I'll never forget the impact those words had on me. Would I be one of those ones turned away? Had I really been sorry for my sins? And could I really have known what I was doing at age 4?
So I asked Jesus to come into my heart again, this time with a resolve to be much more intentional about my faith. I requested re-baptism, and gave a very moving testimony in front of our congregation about getting serious with God.
Not long after that, however, I found myself asking again: Had I really been sorry enough for my sin this time around? I'd see some people weep rivers of tears when they got saved, but I hadn't done that. Did that mean I was not really sorry? And there were a few sins I seemed to fall back into over and over again, no matter how many resolutions I made to do better. Was I really sorry for those sins? Was that prayer a moment of total surrender? Would I have died for Jesus at that moment if he'd asked?
So I prayed the sinner's prayer again. And again. And again. Each time trying to get it right, each time really trying to mean it. I would have a moment when I felt like I got it right and experienced a temporary euphoria. But it would fade quickly and I'd question it all again. And so I'd pray again.
I walked a lot of aisles during those days. I think I've been saved at least once in every denomination.
Because I understood baptism to be a post-salvation confession of faith, each time I gained a little assurance, I felt like I should get re-baptized. Four times, total. Honestly, it got pretty embarrassing. I became a staple at our church's baptism services. I got my own locker in the baptismal changing area.
It was a wretched experience. My spiritual life was characterized by cycles of doubt, aisle-walking, and submersion in water. I could not find the assurance of salvation no matter how often, or how sincerely, I asked Jesus into my heart.
I used to think I was alone in this struggle, but as I've shared my story over the years so many have come forward to tell me that my experience was theirs (usually minus the baptisms and the OCD tendencies) that I've concluded this problem is epidemic in the church.
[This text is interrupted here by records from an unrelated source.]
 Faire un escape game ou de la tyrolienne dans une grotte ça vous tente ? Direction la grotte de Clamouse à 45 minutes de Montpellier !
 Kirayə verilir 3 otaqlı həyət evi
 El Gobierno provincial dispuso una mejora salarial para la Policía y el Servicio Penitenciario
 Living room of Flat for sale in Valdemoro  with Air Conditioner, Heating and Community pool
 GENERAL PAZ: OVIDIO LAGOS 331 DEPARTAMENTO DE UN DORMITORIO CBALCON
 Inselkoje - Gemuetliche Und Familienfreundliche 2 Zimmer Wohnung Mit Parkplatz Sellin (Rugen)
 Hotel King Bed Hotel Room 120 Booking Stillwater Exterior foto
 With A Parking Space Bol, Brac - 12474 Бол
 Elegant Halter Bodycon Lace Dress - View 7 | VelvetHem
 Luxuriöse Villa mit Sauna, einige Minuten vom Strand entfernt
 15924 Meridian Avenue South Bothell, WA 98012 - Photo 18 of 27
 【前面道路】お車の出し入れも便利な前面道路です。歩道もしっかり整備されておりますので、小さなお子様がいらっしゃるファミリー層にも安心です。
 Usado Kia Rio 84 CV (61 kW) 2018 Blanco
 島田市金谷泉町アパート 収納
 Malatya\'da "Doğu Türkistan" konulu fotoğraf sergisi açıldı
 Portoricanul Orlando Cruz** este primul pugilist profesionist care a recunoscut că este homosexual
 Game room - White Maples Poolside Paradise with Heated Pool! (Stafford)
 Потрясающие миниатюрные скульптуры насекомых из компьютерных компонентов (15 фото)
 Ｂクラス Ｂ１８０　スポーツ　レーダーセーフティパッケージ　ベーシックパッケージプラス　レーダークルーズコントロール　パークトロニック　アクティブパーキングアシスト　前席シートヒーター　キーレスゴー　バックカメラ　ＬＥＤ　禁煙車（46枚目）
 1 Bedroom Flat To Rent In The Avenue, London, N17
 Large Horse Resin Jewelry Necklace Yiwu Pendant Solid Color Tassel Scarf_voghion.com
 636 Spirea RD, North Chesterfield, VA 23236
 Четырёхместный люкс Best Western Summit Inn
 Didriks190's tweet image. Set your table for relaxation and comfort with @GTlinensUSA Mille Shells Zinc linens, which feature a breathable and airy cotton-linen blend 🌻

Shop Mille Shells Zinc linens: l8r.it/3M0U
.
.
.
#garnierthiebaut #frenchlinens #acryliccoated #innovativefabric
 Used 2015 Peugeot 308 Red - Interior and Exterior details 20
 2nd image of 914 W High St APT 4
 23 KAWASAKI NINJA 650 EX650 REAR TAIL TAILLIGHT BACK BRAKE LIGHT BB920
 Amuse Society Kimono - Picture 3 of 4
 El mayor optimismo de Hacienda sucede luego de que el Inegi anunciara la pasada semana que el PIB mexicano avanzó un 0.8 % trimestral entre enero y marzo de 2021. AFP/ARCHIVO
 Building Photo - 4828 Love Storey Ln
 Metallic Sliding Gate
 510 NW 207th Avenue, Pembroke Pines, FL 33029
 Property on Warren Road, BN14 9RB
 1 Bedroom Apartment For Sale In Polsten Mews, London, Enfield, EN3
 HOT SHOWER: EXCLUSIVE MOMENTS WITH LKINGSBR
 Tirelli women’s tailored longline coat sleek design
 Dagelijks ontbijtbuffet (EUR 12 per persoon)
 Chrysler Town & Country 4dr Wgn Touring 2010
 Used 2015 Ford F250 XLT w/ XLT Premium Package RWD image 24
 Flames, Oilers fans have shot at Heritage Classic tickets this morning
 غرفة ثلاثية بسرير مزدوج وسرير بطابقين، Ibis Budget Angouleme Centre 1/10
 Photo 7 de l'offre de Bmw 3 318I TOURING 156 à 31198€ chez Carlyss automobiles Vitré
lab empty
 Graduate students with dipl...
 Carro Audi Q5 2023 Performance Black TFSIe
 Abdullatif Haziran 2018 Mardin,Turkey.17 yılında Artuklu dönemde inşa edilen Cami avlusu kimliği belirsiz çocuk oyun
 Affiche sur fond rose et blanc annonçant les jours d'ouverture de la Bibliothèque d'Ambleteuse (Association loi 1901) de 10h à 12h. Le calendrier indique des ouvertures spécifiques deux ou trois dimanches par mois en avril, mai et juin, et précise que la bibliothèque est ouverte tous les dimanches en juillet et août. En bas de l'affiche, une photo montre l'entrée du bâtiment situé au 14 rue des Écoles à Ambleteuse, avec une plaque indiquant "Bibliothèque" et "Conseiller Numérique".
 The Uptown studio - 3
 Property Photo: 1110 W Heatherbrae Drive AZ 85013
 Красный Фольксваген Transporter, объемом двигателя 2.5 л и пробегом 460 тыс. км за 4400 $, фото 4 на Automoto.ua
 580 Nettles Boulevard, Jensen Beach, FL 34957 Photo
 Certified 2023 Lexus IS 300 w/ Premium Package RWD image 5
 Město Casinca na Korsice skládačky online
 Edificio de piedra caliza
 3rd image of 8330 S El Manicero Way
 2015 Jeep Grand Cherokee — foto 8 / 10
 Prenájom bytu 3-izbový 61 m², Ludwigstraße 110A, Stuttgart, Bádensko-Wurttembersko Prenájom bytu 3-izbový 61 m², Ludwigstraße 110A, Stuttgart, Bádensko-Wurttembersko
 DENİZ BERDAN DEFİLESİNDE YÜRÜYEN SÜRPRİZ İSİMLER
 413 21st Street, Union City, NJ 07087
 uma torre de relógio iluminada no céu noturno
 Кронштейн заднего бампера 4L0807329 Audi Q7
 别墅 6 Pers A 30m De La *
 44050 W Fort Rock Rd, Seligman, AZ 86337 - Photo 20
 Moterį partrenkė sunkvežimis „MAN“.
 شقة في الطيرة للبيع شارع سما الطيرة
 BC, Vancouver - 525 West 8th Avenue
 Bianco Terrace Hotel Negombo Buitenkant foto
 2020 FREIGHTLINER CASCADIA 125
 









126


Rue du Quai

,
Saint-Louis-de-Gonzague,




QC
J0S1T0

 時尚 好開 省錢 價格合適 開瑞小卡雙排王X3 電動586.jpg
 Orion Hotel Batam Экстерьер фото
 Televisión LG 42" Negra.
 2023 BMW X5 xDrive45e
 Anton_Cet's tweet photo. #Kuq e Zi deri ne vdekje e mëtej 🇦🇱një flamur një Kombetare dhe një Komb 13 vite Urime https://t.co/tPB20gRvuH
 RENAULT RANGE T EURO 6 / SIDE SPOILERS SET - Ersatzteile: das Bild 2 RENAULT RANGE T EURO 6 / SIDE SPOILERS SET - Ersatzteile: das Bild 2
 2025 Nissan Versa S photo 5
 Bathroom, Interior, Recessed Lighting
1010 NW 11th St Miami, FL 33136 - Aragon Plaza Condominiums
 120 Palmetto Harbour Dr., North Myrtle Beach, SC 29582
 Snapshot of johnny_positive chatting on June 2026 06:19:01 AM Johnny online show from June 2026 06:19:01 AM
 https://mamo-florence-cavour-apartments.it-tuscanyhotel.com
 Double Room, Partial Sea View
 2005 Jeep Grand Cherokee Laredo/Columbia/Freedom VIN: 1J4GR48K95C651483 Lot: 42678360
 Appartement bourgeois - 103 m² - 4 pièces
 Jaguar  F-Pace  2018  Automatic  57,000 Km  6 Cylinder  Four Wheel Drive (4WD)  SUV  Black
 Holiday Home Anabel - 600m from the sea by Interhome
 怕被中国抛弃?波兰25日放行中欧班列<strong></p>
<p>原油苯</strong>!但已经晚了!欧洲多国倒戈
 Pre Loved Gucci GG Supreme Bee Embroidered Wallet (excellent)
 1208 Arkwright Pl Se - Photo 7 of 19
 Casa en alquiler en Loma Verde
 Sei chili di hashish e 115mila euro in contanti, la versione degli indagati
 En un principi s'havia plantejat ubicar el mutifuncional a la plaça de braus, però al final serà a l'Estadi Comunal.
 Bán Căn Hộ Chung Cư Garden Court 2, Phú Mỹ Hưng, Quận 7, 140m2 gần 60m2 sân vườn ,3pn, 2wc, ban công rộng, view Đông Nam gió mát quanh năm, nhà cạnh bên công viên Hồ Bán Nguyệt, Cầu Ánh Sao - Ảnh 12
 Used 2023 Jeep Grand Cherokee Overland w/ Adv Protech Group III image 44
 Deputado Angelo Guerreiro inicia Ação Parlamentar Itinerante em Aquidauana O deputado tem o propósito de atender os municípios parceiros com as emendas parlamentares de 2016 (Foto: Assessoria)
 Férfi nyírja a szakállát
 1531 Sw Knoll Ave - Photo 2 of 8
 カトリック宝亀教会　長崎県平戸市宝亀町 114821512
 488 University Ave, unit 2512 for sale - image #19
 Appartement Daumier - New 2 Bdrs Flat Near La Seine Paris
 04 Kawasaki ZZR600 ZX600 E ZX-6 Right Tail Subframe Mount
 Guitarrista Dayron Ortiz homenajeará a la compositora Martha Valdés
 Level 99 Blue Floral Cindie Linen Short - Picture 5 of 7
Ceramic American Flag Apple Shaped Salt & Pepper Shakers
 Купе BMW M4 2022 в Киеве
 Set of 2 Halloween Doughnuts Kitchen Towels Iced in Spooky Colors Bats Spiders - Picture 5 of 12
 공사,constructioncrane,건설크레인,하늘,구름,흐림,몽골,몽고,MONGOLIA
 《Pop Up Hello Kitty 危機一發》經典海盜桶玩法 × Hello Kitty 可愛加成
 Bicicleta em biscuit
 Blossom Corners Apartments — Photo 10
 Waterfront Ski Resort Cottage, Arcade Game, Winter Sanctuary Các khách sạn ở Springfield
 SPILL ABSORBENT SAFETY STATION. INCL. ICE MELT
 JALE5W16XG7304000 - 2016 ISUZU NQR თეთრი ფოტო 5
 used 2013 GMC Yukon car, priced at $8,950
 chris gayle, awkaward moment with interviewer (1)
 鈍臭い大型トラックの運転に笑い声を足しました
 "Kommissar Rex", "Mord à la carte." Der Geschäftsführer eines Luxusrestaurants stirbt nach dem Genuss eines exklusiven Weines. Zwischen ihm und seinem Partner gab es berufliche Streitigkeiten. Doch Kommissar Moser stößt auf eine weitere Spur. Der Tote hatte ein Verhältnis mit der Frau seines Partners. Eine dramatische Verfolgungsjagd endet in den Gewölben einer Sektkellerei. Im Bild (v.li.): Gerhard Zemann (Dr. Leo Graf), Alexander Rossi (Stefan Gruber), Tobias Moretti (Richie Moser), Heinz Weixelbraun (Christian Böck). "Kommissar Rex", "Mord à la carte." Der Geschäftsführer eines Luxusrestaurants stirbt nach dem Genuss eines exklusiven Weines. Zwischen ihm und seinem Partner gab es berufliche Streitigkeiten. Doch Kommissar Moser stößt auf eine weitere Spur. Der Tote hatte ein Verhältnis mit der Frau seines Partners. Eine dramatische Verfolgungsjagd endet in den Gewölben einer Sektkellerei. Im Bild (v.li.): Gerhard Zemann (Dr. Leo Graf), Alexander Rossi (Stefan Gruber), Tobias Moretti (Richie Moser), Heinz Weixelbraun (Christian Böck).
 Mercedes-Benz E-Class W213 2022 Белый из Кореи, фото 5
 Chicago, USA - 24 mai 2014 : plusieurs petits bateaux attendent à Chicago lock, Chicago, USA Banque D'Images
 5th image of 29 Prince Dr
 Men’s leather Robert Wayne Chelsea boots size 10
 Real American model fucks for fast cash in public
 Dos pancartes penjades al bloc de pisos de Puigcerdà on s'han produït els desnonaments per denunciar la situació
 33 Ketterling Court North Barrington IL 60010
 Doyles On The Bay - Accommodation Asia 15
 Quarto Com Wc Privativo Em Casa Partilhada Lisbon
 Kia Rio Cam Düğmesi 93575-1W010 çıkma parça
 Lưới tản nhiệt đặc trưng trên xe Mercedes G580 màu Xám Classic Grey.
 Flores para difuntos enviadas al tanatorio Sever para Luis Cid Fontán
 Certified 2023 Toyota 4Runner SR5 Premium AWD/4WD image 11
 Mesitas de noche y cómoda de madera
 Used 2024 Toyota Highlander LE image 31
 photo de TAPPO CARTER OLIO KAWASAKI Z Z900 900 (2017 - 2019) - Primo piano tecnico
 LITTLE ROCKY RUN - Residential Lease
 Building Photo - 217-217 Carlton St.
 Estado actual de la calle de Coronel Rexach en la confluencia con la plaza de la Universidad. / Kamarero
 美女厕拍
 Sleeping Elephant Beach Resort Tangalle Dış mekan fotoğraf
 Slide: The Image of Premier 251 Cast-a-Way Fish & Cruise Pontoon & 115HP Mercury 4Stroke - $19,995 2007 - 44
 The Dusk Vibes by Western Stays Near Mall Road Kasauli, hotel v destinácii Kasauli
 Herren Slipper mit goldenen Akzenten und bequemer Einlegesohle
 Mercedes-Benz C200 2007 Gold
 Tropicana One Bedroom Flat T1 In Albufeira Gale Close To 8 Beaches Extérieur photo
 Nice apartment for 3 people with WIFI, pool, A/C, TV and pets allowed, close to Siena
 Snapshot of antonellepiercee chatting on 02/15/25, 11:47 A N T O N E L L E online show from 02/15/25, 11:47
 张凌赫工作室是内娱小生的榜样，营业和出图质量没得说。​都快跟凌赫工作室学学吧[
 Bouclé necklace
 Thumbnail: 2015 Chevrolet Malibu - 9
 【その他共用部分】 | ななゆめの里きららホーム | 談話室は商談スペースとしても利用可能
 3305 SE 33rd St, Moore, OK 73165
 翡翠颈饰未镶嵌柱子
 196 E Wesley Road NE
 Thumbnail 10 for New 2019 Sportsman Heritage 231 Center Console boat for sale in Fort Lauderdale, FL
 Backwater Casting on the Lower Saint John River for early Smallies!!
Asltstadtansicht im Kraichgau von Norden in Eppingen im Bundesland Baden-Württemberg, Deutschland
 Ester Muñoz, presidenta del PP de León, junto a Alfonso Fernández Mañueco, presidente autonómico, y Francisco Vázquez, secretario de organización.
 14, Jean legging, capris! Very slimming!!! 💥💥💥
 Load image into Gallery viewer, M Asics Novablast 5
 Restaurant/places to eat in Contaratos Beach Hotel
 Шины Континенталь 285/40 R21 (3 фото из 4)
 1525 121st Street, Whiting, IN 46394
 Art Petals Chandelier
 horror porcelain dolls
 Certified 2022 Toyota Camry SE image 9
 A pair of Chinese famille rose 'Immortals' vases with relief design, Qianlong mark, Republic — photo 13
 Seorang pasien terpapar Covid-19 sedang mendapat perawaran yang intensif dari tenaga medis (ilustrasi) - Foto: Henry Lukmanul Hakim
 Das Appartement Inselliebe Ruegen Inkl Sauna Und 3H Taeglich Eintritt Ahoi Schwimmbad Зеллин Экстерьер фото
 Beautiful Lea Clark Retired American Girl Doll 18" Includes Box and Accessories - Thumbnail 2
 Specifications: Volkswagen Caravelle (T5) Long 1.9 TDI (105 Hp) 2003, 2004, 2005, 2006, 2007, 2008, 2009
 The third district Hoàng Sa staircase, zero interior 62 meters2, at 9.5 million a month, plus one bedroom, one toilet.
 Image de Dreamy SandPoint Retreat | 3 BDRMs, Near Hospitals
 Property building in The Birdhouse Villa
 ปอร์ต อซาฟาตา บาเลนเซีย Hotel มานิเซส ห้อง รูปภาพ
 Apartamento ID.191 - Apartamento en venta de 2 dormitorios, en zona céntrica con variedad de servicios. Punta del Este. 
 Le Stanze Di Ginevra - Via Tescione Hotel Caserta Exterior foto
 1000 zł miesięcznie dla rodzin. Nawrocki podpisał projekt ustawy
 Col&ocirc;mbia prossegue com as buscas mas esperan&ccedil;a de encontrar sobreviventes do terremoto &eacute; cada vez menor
The Other Side of the Problem: The Falsely Assured
On the other hand, Scripture indicates that there are a vast number of people who seem assured of a salvation they don't actually possess. My Sunday school teacher was telling us the truth: according to Matthew 7, Jesus will turn away "many" on that last day who thought they belonged to him. There's no doubt that many of those will have prayed a sinner's prayer.